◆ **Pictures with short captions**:
....

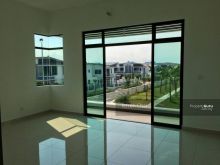 Maya Hills
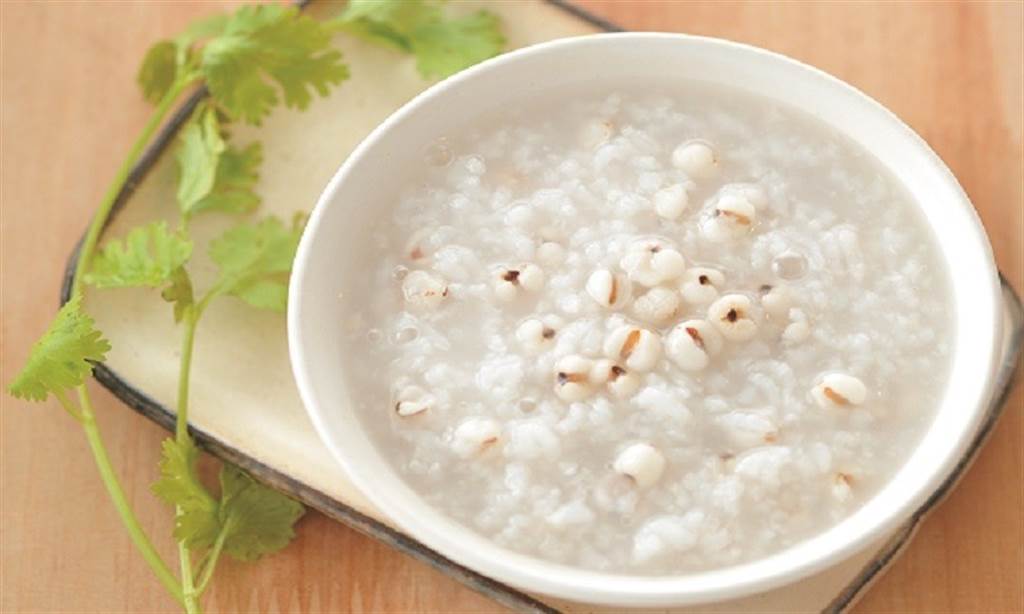 薏仁可以幫助促進新陳代謝，排除體內毒素，讓肌膚更光滑透亮。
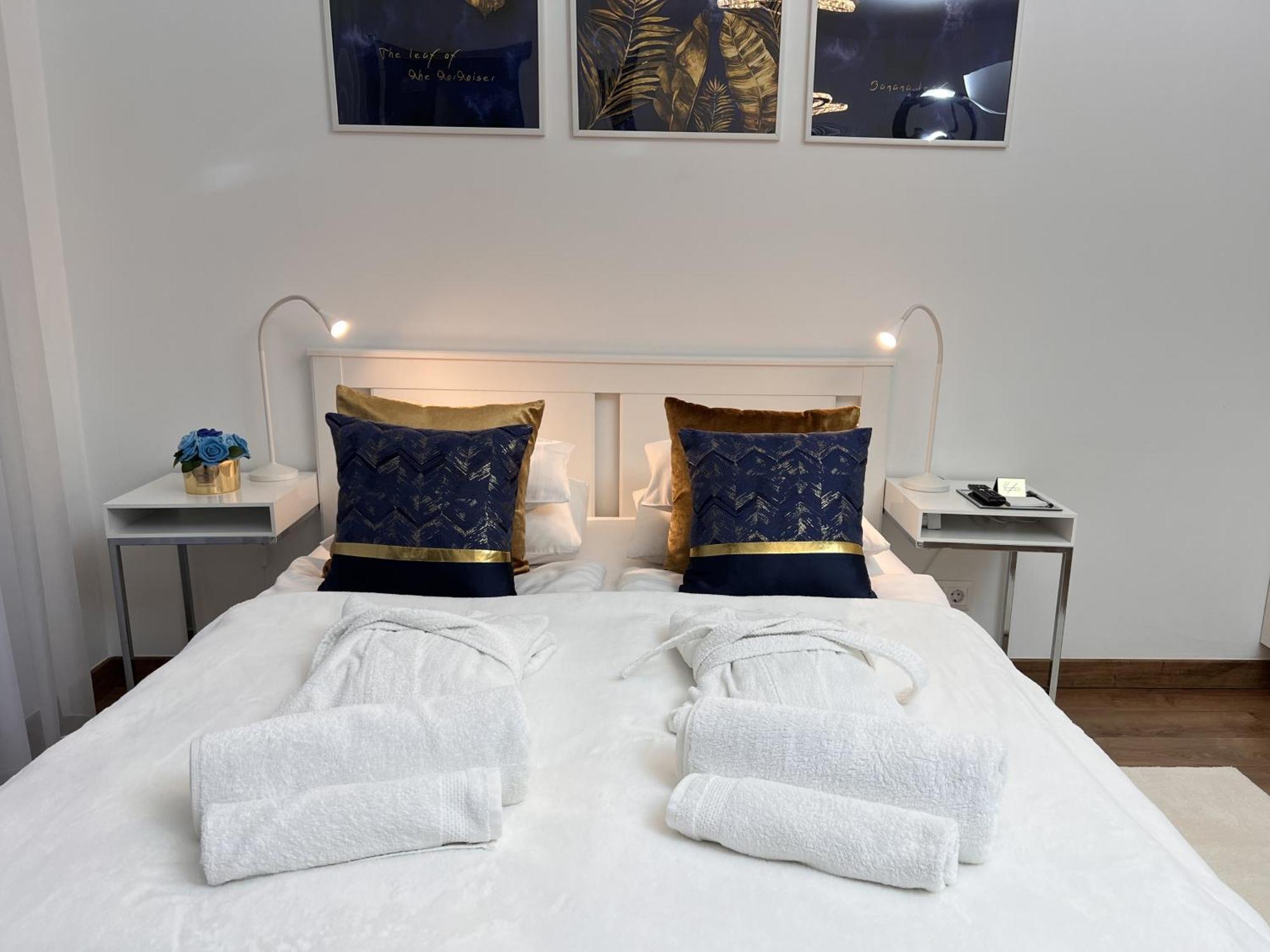 Luxe Central Studio With Pool, Parking & Ac بودابست المظهر الخارجي الصورة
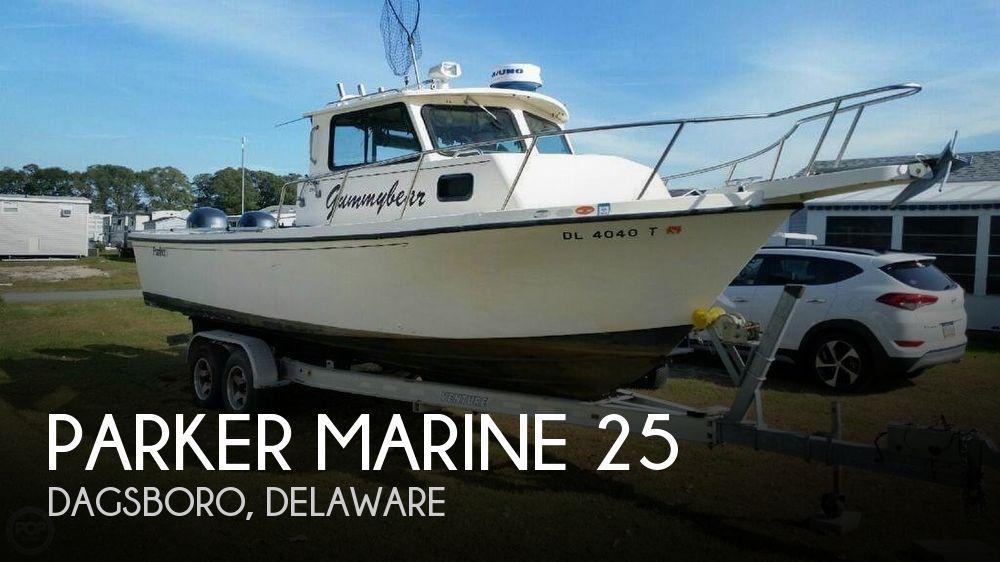 25' Parker Marine 2520 DV Sport Cabin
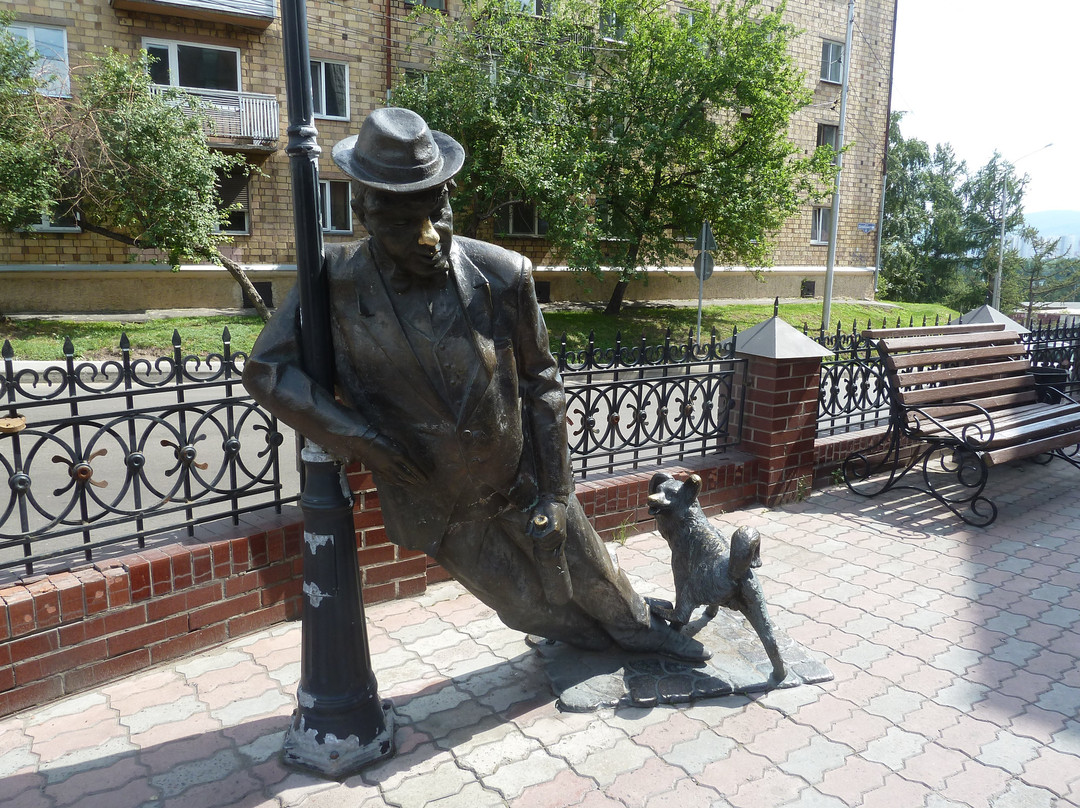 Sculpture Uncle Vasya - A Drunkard-克拉斯诺亚尔斯克必去景点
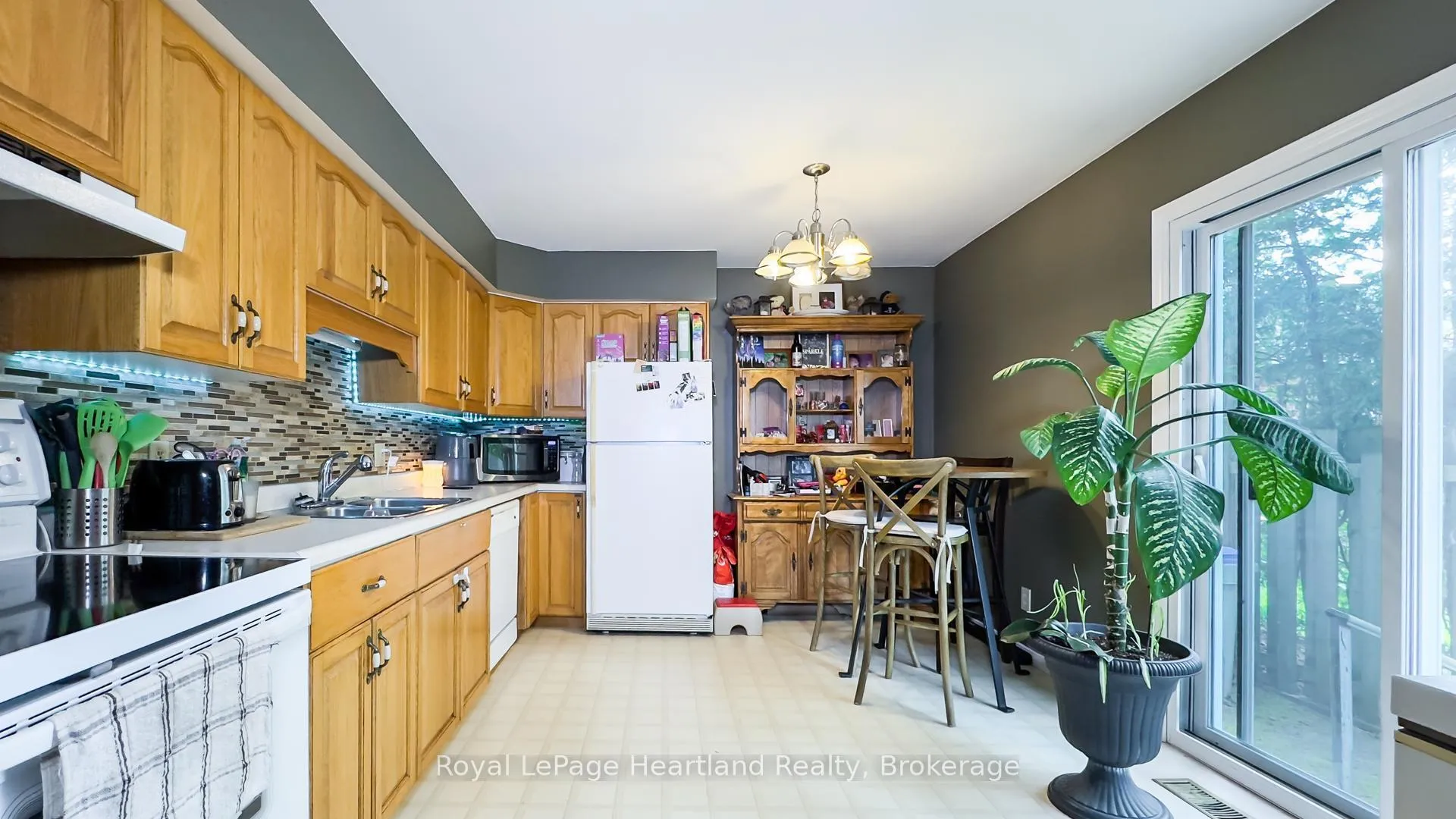 Photo 12 of 49 Wellington Street W, South Huron, Exeter — HOMEH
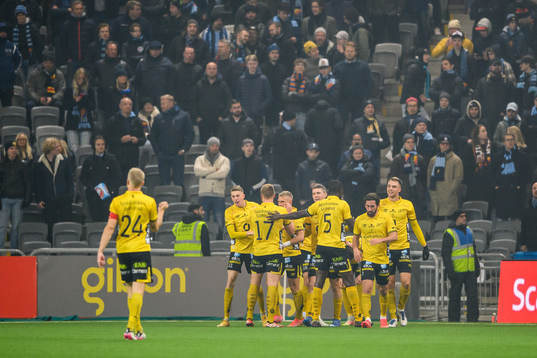 Elfsborgs spelare jublar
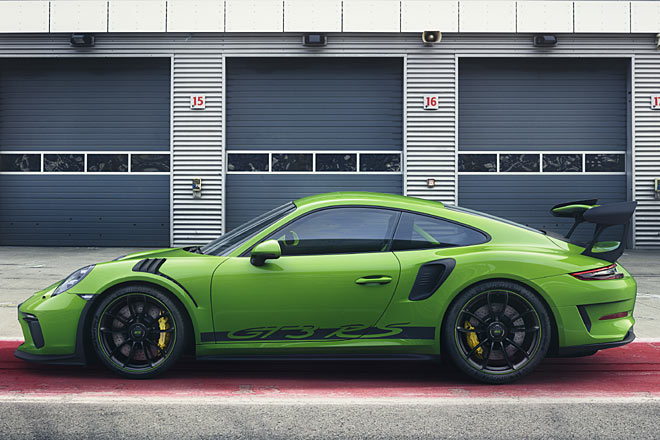 Vorne montiert Porsche 20-Zöller mit 265er-Pneus, hinten gibt es 325er-Walzen auf 21-Zoll-Rädern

....

What you write must match, line for line, the lines from the one with "Luxe Central Studio" through the last line of the data above, minus the pictures.

 Luxe Central Studio With Pool, Parking & Ac بودابست المظهر الخارجي الصورة
 25' Parker Marine 2520 DV Sport Cabin
 Sculpture Uncle Vasya - A Drunkard-克拉斯诺亚尔斯克必去景点
 Photo 12 of 49 Wellington Street W, South Huron, Exeter — HOMEH
 Elfsborgs spelare jublar
 Vorne montiert Porsche 20-Zöller mit 265er-Pneus, hinten gibt es 325er-Walzen auf 21-Zoll-Rädern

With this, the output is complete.